Massacra un anziano a calci, pugni e bastonate
Tre giorni fa l'egiziano blocca, fuori da un bar, per l'ennesima volta un anziano del posto.
Si chiama Andrea Grossi, prende 500 euro di pensione al mese e ha fondato, per poi esserne l'animatore volontario per 35 anni, la locale sezione della Croce Bianca.
L'uomo gli aveva dato due euro di mancia il giorno precedente. Stavolta non ha moneta.
Cerca di spiegarlo all'egiziano che all'improvviso scatena l'inferno. Prima gli assesta, violentissimo, due pugni in faccia.
Poi si guarda intorno veloce e, in pochi secondi, trova un manico di scopa abbandonato: inizia a colpire Andrea a bastonate dappertutto.
All'addome, alle braccia, alle gambe e anche in testa.

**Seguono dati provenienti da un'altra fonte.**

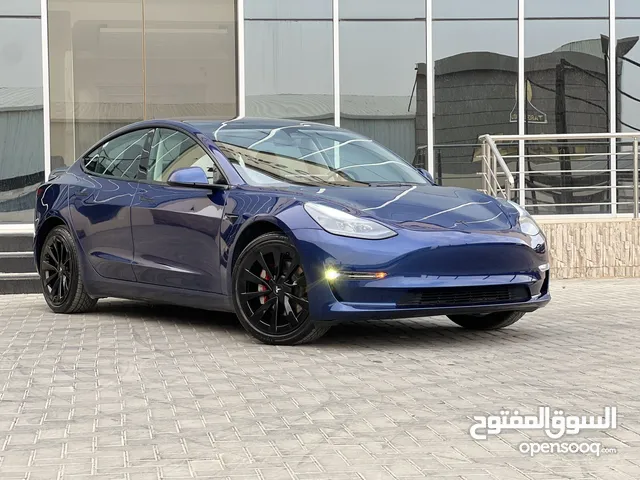 Tesla model 3 2023 فل كامل تيسلا موديل 3 فحص كامل بسعر مغرري لون كحلي جنط كبير اصليي ايرباق اصلي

L'uomo trova la forza di chiedergli perché gli stia facendo tutto questo.
Per tutta risposta, l'egiziano continua a assestare nuovi colpi. Intorno a loro diverse persone che, però, si allontanano velocemente temendo il peggio.
Solo un ventisettenne, italiano, a un certo punto urla all'immigrato:
«Cosa fai? Smettila subito, non vedi che lo stai ammazzando?».
Dopo di che, prendendo colpi a sua volta, lo allontana dal pensionato.
Sarà un ufficiale della polizia locale a disarmare del bastone l'egiziano e a placcarlo.
Poi arrivano anche i carabinieri.
E l'ambulanza. Andrea Grossi viene portato in ospedale.
E
l'aggressore? Se ne torna a casa tranquillo.
È così che due giorni dopo, a due passi da casa, incontra il ventisettenne che aveva difeso l'anziano
e che ha la sfortuna di abitare vicino a lui, e lo colpisce diverse volte al torace con un coltello da tasca lungo cinque centimetri,
mandandolo in prognosi riservata. Finalmente arriva l'arresto.